**EXERCISE AIM**
Write the records out again, unchanged.

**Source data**

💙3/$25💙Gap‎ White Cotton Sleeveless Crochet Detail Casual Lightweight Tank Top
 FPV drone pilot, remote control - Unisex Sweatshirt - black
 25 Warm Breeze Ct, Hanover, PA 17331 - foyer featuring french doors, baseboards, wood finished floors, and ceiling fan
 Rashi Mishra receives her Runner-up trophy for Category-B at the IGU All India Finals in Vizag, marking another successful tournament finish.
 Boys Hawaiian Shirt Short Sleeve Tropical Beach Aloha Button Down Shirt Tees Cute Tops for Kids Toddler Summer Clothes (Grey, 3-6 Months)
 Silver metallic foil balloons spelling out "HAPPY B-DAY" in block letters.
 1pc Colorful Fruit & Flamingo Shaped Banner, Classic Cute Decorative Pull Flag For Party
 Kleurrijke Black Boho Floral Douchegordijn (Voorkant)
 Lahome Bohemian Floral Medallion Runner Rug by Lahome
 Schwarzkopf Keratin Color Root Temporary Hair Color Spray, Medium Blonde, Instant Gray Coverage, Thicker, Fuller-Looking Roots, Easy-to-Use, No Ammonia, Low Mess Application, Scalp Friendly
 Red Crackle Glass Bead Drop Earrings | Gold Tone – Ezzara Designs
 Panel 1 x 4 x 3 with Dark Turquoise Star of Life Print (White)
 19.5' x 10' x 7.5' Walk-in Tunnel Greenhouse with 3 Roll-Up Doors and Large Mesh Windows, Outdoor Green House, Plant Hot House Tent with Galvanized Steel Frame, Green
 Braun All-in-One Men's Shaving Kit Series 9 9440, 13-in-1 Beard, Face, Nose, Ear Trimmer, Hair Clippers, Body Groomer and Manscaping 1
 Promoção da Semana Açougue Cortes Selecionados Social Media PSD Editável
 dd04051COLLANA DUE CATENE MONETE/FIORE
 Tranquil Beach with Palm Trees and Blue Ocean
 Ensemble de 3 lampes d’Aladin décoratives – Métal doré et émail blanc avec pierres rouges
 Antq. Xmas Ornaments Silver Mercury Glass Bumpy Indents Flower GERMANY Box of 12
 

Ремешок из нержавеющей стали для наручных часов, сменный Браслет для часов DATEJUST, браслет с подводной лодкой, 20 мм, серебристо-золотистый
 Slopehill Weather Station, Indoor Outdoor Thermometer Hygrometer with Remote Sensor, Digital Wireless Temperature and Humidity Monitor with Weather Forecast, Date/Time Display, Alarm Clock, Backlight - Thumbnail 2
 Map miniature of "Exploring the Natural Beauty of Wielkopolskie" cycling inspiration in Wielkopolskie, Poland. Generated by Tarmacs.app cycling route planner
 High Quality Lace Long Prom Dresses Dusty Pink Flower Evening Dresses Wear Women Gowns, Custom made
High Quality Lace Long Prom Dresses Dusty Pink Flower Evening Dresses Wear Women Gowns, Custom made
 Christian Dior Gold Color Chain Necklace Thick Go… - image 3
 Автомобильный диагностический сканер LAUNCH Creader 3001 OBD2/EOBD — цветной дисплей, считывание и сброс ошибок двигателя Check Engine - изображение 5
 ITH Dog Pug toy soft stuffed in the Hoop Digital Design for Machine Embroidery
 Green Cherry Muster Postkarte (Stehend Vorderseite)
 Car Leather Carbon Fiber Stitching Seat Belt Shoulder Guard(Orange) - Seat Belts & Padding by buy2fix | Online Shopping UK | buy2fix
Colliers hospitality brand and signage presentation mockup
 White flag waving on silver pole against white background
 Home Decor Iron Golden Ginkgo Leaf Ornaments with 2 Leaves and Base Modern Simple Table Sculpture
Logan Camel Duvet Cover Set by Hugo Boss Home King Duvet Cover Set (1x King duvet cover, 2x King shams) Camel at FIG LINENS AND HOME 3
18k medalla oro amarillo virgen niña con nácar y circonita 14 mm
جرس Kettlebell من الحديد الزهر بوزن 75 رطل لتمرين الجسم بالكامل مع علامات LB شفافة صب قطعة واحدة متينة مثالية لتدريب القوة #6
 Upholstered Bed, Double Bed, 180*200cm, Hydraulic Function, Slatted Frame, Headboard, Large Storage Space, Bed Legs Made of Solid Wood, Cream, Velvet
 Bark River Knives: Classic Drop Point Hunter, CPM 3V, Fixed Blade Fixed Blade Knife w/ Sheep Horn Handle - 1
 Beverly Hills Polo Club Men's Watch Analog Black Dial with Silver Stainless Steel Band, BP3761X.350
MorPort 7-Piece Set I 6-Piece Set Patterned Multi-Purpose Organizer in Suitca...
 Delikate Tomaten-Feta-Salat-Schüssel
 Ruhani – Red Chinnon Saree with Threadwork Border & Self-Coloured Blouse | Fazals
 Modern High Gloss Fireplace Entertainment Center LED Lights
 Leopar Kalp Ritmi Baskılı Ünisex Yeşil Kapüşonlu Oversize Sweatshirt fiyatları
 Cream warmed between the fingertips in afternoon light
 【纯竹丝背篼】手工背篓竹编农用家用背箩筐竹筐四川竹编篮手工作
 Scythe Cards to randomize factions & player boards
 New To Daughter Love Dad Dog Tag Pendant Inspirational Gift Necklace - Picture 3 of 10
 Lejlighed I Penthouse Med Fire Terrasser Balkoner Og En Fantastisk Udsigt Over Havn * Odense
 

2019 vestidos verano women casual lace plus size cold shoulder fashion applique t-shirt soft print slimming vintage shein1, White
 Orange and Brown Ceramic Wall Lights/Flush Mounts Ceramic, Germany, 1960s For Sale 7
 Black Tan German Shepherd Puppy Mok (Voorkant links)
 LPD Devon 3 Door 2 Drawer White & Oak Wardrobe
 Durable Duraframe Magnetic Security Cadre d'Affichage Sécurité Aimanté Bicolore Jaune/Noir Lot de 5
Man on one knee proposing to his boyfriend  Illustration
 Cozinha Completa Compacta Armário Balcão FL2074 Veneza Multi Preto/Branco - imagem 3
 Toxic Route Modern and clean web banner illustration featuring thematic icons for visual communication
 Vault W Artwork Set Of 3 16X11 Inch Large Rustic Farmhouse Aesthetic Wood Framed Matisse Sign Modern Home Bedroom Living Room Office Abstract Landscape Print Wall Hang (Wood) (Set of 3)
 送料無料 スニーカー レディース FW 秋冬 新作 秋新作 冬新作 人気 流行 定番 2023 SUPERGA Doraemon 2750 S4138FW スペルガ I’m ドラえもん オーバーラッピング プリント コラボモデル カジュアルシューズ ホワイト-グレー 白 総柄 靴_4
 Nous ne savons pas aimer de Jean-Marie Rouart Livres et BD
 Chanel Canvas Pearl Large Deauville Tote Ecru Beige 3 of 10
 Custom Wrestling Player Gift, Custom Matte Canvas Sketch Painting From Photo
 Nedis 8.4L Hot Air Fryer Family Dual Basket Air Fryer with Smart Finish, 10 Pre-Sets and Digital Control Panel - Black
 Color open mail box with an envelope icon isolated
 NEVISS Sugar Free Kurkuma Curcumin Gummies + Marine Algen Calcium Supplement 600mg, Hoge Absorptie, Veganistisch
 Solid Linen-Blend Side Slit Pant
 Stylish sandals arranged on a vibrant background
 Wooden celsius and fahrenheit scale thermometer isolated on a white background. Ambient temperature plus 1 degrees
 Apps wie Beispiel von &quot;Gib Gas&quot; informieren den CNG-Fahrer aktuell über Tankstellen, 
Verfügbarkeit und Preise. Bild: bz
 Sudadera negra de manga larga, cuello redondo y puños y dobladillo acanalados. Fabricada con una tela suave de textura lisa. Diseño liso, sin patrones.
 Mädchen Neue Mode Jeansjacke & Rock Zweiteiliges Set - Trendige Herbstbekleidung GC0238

**RESPONSE BOX**
💙3/$25💙Gap‎ White Cotton Sleeveless Crochet Detail Casual Lightweight Tank Top
 FPV drone pilot, remote control - Unisex Sweatshirt - black
 25 Warm Breeze Ct, Hanover, PA 17331 - foyer featuring french doors, baseboards, wood finished floors, and ceiling fan
 Rashi Mishra receives her Runner-up trophy for Category-B at the IGU All India Finals in Vizag, marking another successful tournament finish.
 Boys Hawaiian Shirt Short Sleeve Tropical Beach Aloha Button Down Shirt Tees Cute Tops for Kids Toddler Summer Clothes (Grey, 3-6 Months)
 Silver metallic foil balloons spelling out "HAPPY B-DAY" in block letters.
 1pc Colorful Fruit & Flamingo Shaped Banner, Classic Cute Decorative Pull Flag For Party
 Kleurrijke Black Boho Floral Douchegordijn (Voorkant)
 Lahome Bohemian Floral Medallion Runner Rug by Lahome
 Schwarzkopf Keratin Color Root Temporary Hair Color Spray, Medium Blonde, Instant Gray Coverage, Thicker, Fuller-Looking Roots, Easy-to-Use, No Ammonia, Low Mess Application, Scalp Friendly
 Red Crackle Glass Bead Drop Earrings | Gold Tone – Ezzara Designs
 Panel 1 x 4 x 3 with Dark Turquoise Star of Life Print (White)
 19.5' x 10' x 7.5' Walk-in Tunnel Greenhouse with 3 Roll-Up Doors and Large Mesh Windows, Outdoor Green House, Plant Hot House Tent with Galvanized Steel Frame, Green
 Braun All-in-One Men's Shaving Kit Series 9 9440, 13-in-1 Beard, Face, Nose, Ear Trimmer, Hair Clippers, Body Groomer and Manscaping 1
 Promoção da Semana Açougue Cortes Selecionados Social Media PSD Editável
 dd04051COLLANA DUE CATENE MONETE/FIORE
 Tranquil Beach with Palm Trees and Blue Ocean
 Ensemble de 3 lampes d’Aladin décoratives – Métal doré et émail blanc avec pierres rouges
 Antq. Xmas Ornaments Silver Mercury Glass Bumpy Indents Flower GERMANY Box of 12
 

Ремешок из нержавеющей стали для наручных часов, сменный Браслет для часов DATEJUST, браслет с подводной лодкой, 20 мм, серебристо-золотистый
 Slopehill Weather Station, Indoor Outdoor Thermometer Hygrometer with Remote Sensor, Digital Wireless Temperature and Humidity Monitor with Weather Forecast, Date/Time Display, Alarm Clock, Backlight - Thumbnail 2
 Map miniature of "Exploring the Natural Beauty of Wielkopolskie" cycling inspiration in Wielkopolskie, Poland. Generated by Tarmacs.app cycling route planner
 High Quality Lace Long Prom Dresses Dusty Pink Flower Evening Dresses Wear Women Gowns, Custom made
High Quality Lace Long Prom Dresses Dusty Pink Flower Evening Dresses Wear Women Gowns, Custom made
 Christian Dior Gold Color Chain Necklace Thick Go… - image 3
 Автомобильный диагностический сканер LAUNCH Creader 3001 OBD2/EOBD — цветной дисплей, считывание и сброс ошибок двигателя Check Engine - изображение 5
 ITH Dog Pug toy soft stuffed in the Hoop Digital Design for Machine Embroidery
 Green Cherry Muster Postkarte (Stehend Vorderseite)
 Car Leather Carbon Fiber Stitching Seat Belt Shoulder Guard(Orange) - Seat Belts & Padding by buy2fix | Online Shopping UK | buy2fix
Colliers hospitality brand and signage presentation mockup
 White flag waving on silver pole against white background
 Home Decor Iron Golden Ginkgo Leaf Ornaments with 2 Leaves and Base Modern Simple Table Sculpture
Logan Camel Duvet Cover Set by Hugo Boss Home King Duvet Cover Set (1x King duvet cover, 2x King shams) Camel at FIG LINENS AND HOME 3
18k medalla oro amarillo virgen niña con nácar y circonita 14 mm
جرس Kettlebell من الحديد الزهر بوزن 75 رطل لتمرين الجسم بالكامل مع علامات LB شفافة صب قطعة واحدة متينة مثالية لتدريب القوة #6
 Upholstered Bed, Double Bed, 180*200cm, Hydraulic Function, Slatted Frame, Headboard, Large Storage Space, Bed Legs Made of Solid Wood, Cream, Velvet
 Bark River Knives: Classic Drop Point Hunter, CPM 3V, Fixed Blade Fixed Blade Knife w/ Sheep Horn Handle - 1
 Beverly Hills Polo Club Men's Watch Analog Black Dial with Silver Stainless Steel Band, BP3761X.350
MorPort 7-Piece Set I 6-Piece Set Patterned Multi-Purpose Organizer in Suitca...
 Delikate Tomaten-Feta-Salat-Schüssel
 Ruhani – Red Chinnon Saree with Threadwork Border & Self-Coloured Blouse | Fazals
 Modern High Gloss Fireplace Entertainment Center LED Lights
 Leopar Kalp Ritmi Baskılı Ünisex Yeşil Kapüşonlu Oversize Sweatshirt fiyatları
 Cream warmed between the fingertips in afternoon light
 【纯竹丝背篼】手工背篓竹编农用家用背箩筐竹筐四川竹编篮手工作
 Scythe Cards to randomize factions & player boards
 New To Daughter Love Dad Dog Tag Pendant Inspirational Gift Necklace - Picture 3 of 10
 Lejlighed I Penthouse Med Fire Terrasser Balkoner Og En Fantastisk Udsigt Over Havn * Odense
 

2019 vestidos verano women casual lace plus size cold shoulder fashion applique t-shirt soft print slimming vintage shein1, White
 Orange and Brown Ceramic Wall Lights/Flush Mounts Ceramic, Germany, 1960s For Sale 7
 Black Tan German Shepherd Puppy Mok (Voorkant links)
 LPD Devon 3 Door 2 Drawer White & Oak Wardrobe
 Durable Duraframe Magnetic Security Cadre d'Affichage Sécurité Aimanté Bicolore Jaune/Noir Lot de 5
Man on one knee proposing to his boyfriend  Illustration
 Cozinha Completa Compacta Armário Balcão FL2074 Veneza Multi Preto/Branco - imagem 3
 Toxic Route Modern and clean web banner illustration featuring thematic icons for visual communication
 Vault W Artwork Set Of 3 16X11 Inch Large Rustic Farmhouse Aesthetic Wood Framed Matisse Sign Modern Home Bedroom Living Room Office Abstract Landscape Print Wall Hang (Wood) (Set of 3)
 送料無料 スニーカー レディース FW 秋冬 新作 秋新作 冬新作 人気 流行 定番 2023 SUPERGA Doraemon 2750 S4138FW スペルガ I’m ドラえもん オーバーラッピング プリント コラボモデル カジュアルシューズ ホワイト-グレー 白 総柄 靴_4
 Nous ne savons pas aimer de Jean-Marie Rouart Livres et BD
 Chanel Canvas Pearl Large Deauville Tote Ecru Beige 3 of 10
 Custom Wrestling Player Gift, Custom Matte Canvas Sketch Painting From Photo
 Nedis 8.4L Hot Air Fryer Family Dual Basket Air Fryer with Smart Finish, 10 Pre-Sets and Digital Control Panel - Black
 Color open mail box with an envelope icon isolated
 NEVISS Sugar Free Kurkuma Curcumin Gummies + Marine Algen Calcium Supplement 600mg, Hoge Absorptie, Veganistisch
 Solid Linen-Blend Side Slit Pant
 Stylish sandals arranged on a vibrant background
 Wooden celsius and fahrenheit scale thermometer isolated on a white background. Ambient temperature plus 1 degrees
 Apps wie Beispiel von &quot;Gib Gas&quot; informieren den CNG-Fahrer aktuell über Tankstellen, 
Verfügbarkeit und Preise. Bild: bz
 Sudadera negra de manga larga, cuello redondo y puños y dobladillo acanalados. Fabricada con una tela suave de textura lisa. Diseño liso, sin patrones.
 Mädchen Neue Mode Jeansjacke & Rock Zweiteiliges Set - Trendige Herbstbekleidung GC0238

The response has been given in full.